◆ **Data shown**:
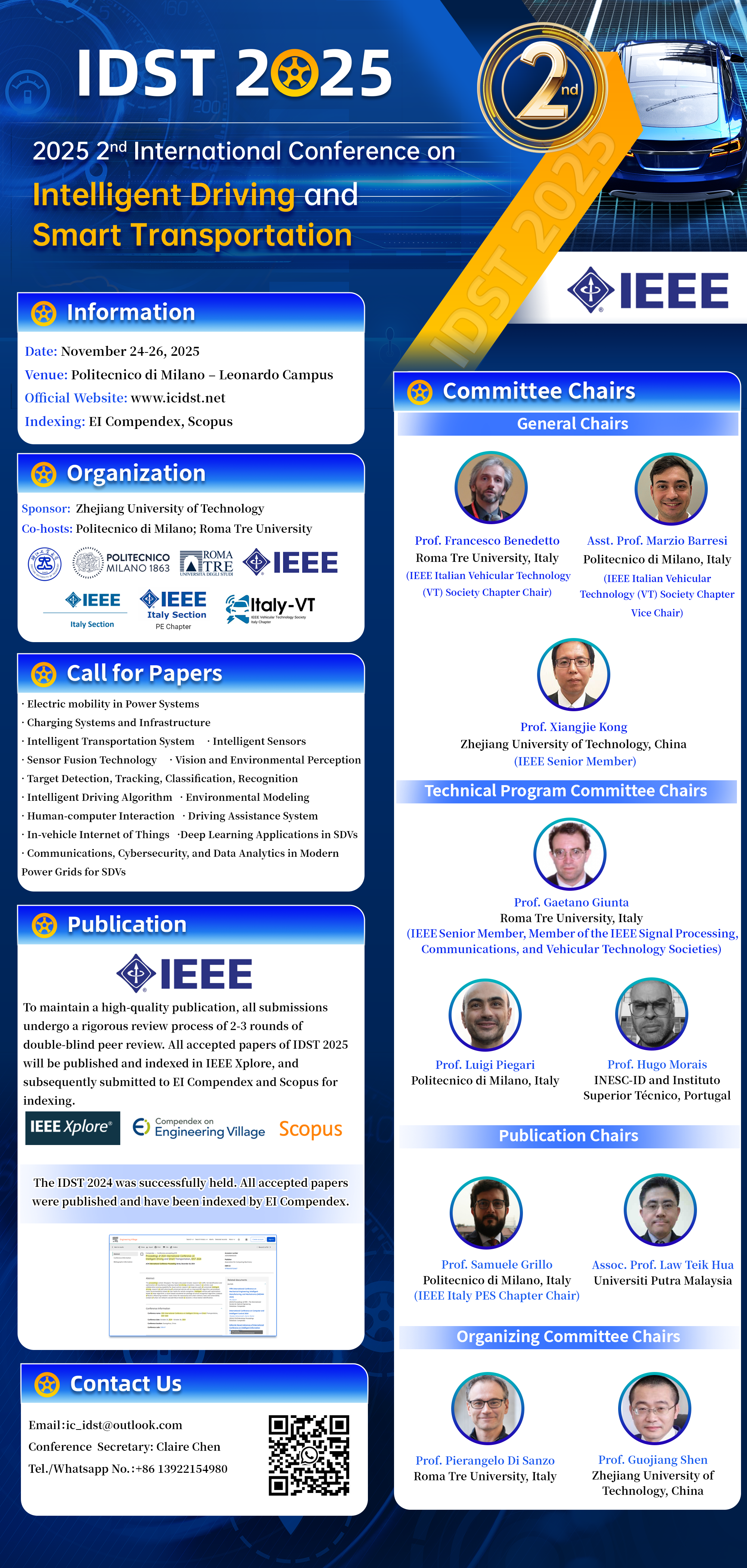 IDST 2025 in Italy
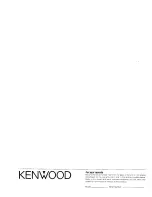 Preview for 24 page of Kenwood VR-209 Instruction Manual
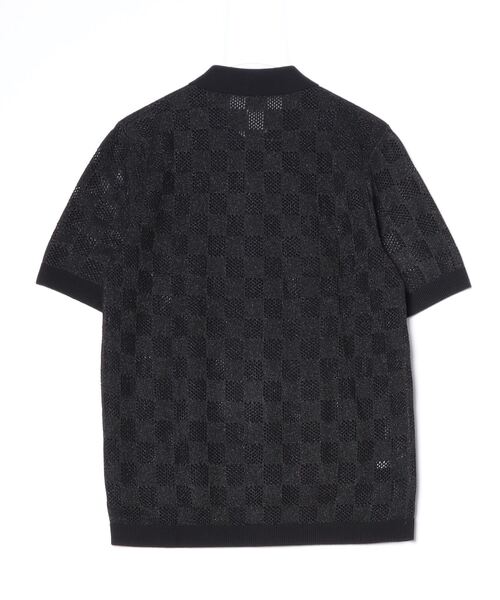フレッドペリー ブラウス シャツ FRED PERRY（フレッドペリー）の「Metallic Chequerboard Knitted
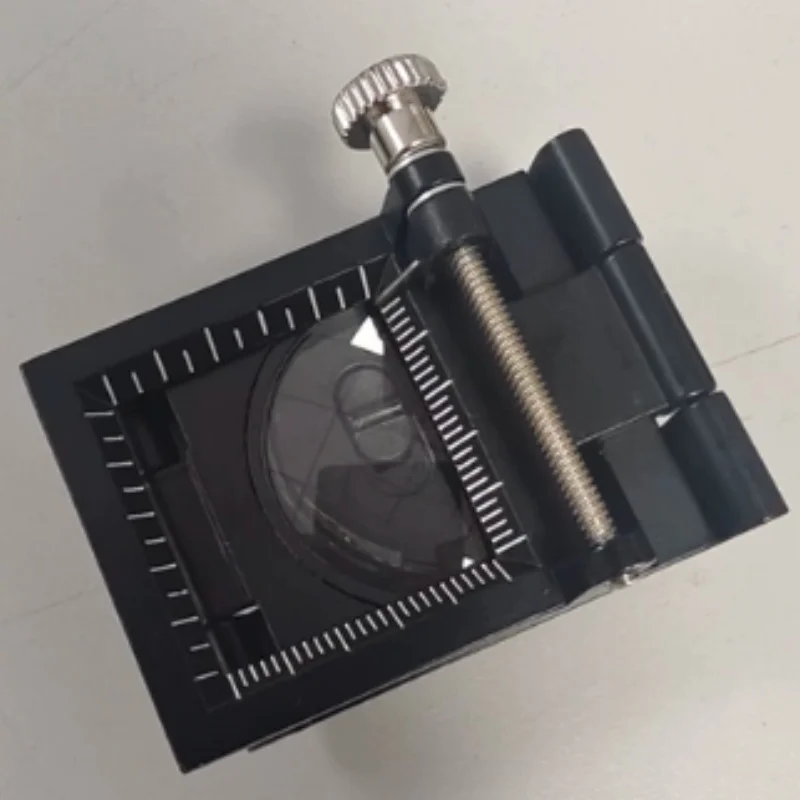 60X Folding Fabric Magnifier with Scale Cloth Weft Warp Density Counter Printed Textile Inspection Loupe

◆ **What to produce**: Reproduce the listing exactly, images omitted.

◆ **Exercise response**:
 IDST 2025 in Italy
 Preview for 24 page of Kenwood VR-209 Instruction Manual
フレッドペリー ブラウス シャツ FRED PERRY（フレッドペリー）の「Metallic Chequerboard Knitted
 60X Folding Fabric Magnifier with Scale Cloth Weft Warp Density Counter Printed Textile Inspection Loupe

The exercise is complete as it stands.